Exercise: Print the full listing once more, exactly as given.
*** Begin section ***
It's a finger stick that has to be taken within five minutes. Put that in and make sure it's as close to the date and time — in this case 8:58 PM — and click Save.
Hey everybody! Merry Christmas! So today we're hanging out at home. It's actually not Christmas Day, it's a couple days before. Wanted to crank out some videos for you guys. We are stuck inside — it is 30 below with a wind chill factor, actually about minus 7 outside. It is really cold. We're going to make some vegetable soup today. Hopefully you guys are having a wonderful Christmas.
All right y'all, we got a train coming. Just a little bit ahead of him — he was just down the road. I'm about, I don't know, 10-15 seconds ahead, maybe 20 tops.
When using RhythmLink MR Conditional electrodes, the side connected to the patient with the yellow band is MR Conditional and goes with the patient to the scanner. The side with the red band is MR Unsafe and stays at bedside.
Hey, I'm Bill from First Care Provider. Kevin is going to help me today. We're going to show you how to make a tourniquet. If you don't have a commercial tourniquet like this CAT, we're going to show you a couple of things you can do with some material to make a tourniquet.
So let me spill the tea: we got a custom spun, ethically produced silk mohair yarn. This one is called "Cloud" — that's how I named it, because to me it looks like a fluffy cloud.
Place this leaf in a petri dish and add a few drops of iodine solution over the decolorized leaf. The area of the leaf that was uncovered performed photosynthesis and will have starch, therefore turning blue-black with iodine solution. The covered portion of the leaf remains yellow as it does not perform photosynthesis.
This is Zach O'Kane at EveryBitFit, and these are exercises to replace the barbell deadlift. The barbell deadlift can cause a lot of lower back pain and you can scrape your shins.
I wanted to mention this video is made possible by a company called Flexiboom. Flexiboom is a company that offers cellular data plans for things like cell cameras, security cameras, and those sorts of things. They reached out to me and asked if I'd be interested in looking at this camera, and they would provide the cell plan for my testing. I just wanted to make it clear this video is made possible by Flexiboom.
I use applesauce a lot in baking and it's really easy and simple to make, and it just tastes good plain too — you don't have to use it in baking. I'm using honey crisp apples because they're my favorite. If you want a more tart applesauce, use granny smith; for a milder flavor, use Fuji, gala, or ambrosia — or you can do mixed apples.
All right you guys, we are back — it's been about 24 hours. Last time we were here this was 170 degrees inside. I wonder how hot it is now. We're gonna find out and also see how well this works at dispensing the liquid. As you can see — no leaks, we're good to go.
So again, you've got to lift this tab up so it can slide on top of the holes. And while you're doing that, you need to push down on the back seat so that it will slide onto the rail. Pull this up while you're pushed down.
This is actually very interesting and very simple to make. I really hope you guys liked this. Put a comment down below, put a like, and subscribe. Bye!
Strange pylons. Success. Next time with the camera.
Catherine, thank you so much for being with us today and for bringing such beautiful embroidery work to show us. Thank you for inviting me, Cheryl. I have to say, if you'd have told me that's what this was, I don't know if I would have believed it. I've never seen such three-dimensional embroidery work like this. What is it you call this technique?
*** End section ***
Reply:
It's a finger stick that has to be taken within five minutes. Put that in and make sure it's as close to the date and time — in this case 8:58 PM — and click Save.
Hey everybody! Merry Christmas! So today we're hanging out at home. It's actually not Christmas Day, it's a couple days before. Wanted to crank out some videos for you guys. We are stuck inside — it is 30 below with a wind chill factor, actually about minus 7 outside. It is really cold. We're going to make some vegetable soup today. Hopefully you guys are having a wonderful Christmas.
All right y'all, we got a train coming. Just a little bit ahead of him — he was just down the road. I'm about, I don't know, 10-15 seconds ahead, maybe 20 tops.
When using RhythmLink MR Conditional electrodes, the side connected to the patient with the yellow band is MR Conditional and goes with the patient to the scanner. The side with the red band is MR Unsafe and stays at bedside.
Hey, I'm Bill from First Care Provider. Kevin is going to help me today. We're going to show you how to make a tourniquet. If you don't have a commercial tourniquet like this CAT, we're going to show you a couple of things you can do with some material to make a tourniquet.
So let me spill the tea: we got a custom spun, ethically produced silk mohair yarn. This one is called "Cloud" — that's how I named it, because to me it looks like a fluffy cloud.
Place this leaf in a petri dish and add a few drops of iodine solution over the decolorized leaf. The area of the leaf that was uncovered performed photosynthesis and will have starch, therefore turning blue-black with iodine solution. The covered portion of the leaf remains yellow as it does not perform photosynthesis.
This is Zach O'Kane at EveryBitFit, and these are exercises to replace the barbell deadlift. The barbell deadlift can cause a lot of lower back pain and you can scrape your shins.
I wanted to mention this video is made possible by a company called Flexiboom. Flexiboom is a company that offers cellular data plans for things like cell cameras, security cameras, and those sorts of things. They reached out to me and asked if I'd be interested in looking at this camera, and they would provide the cell plan for my testing. I just wanted to make it clear this video is made possible by Flexiboom.
I use applesauce a lot in baking and it's really easy and simple to make, and it just tastes good plain too — you don't have to use it in baking. I'm using honey crisp apples because they're my favorite. If you want a more tart applesauce, use granny smith; for a milder flavor, use Fuji, gala, or ambrosia — or you can do mixed apples.
All right you guys, we are back — it's been about 24 hours. Last time we were here this was 170 degrees inside. I wonder how hot it is now. We're gonna find out and also see how well this works at dispensing the liquid. As you can see — no leaks, we're good to go.
So again, you've got to lift this tab up so it can slide on top of the holes. And while you're doing that, you need to push down on the back seat so that it will slide onto the rail. Pull this up while you're pushed down.
This is actually very interesting and very simple to make. I really hope you guys liked this. Put a comment down below, put a like, and subscribe. Bye!
Strange pylons. Success. Next time with the camera.
Catherine, thank you so much for being with us today and for bringing such beautiful embroidery work to show us. Thank you for inviting me, Cheryl. I have to say, if you'd have told me that's what this was, I don't know if I would have believed it. I've never seen such three-dimensional embroidery work like this. What is it you call this technique?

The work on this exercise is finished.